### Information supplied
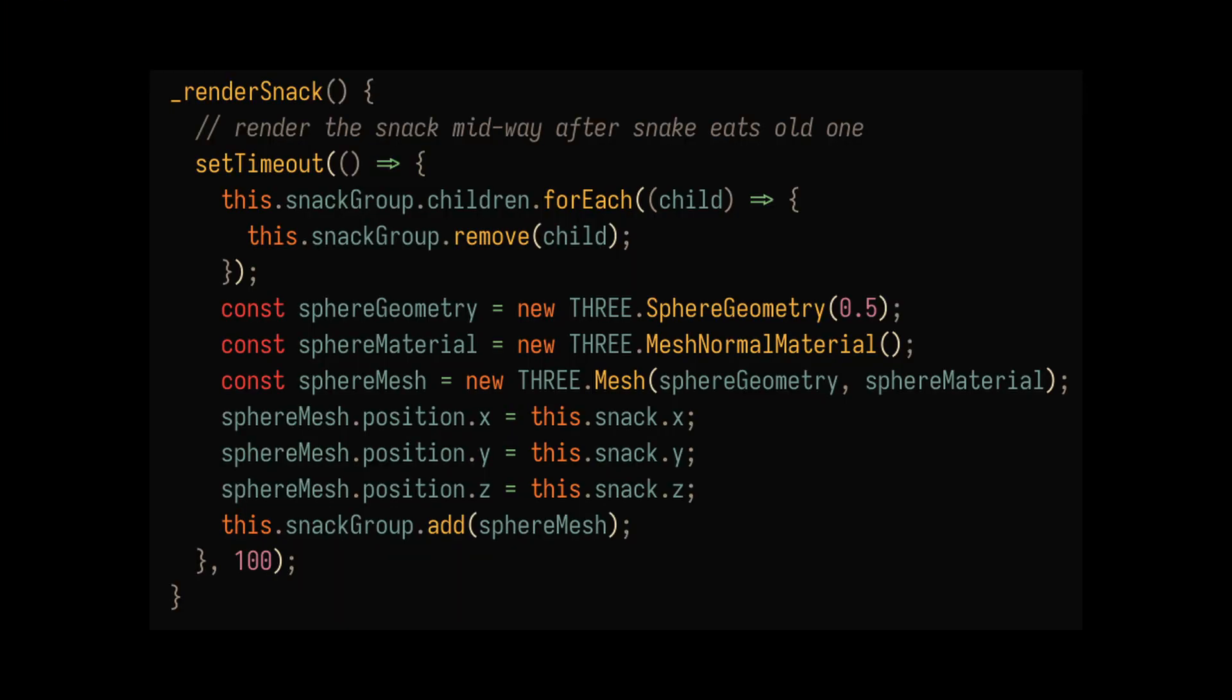And of course, the last thing I wanted to do was to add snacks so that the snake would grow when it ate them.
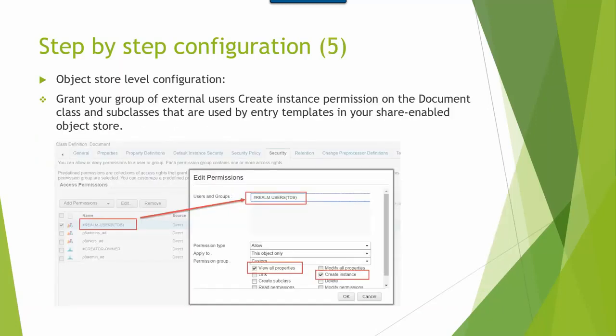Once the add-ons are installed, you need to grant the group of external users create instance permissions on the document class and subclasses that are used by entry templates in your share-enabled object store. In this screenshot, you can see we grant view all properties and create instance permissions for the external group LDAP users.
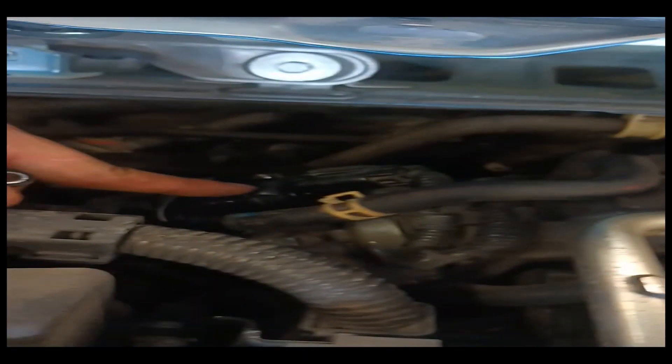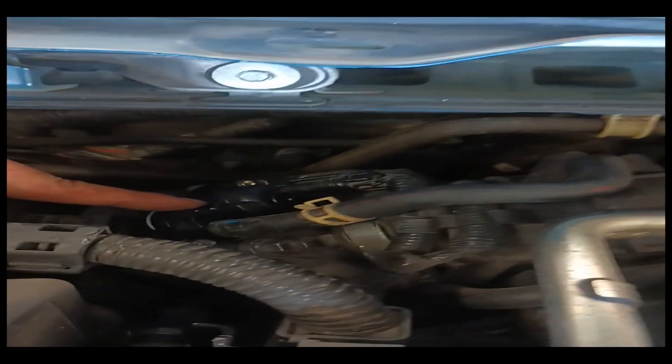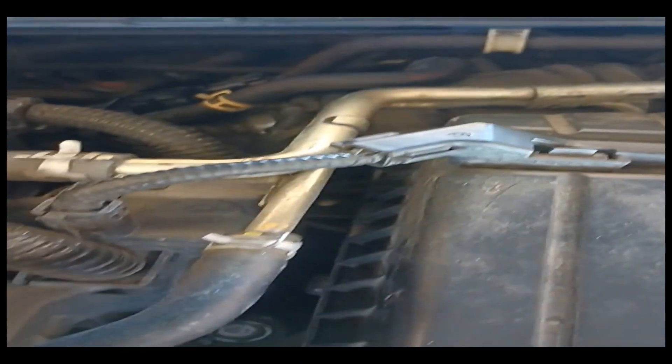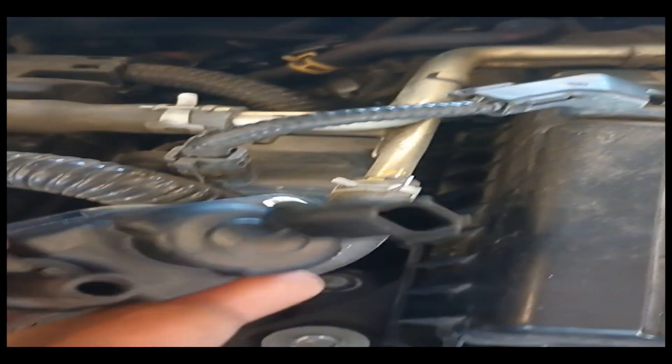Our problem here is they put in a brand new canister purge valve solenoid. The problem is it is defective. I have the old one that was right here.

### Assignment
What is needed is an exact copy of the lines from the beginning of the data through the line containing "Once the add-ons", both included, without any pictures.

### Response
And of course, the last thing I wanted to do was to add snacks so that the snake would grow when it ate them.
Once the add-ons are installed, you need to grant the group of external users create instance permissions on the document class and subclasses that are used by entry templates in your share-enabled object store. In this screenshot, you can see we grant view all properties and create instance permissions for the external group LDAP users.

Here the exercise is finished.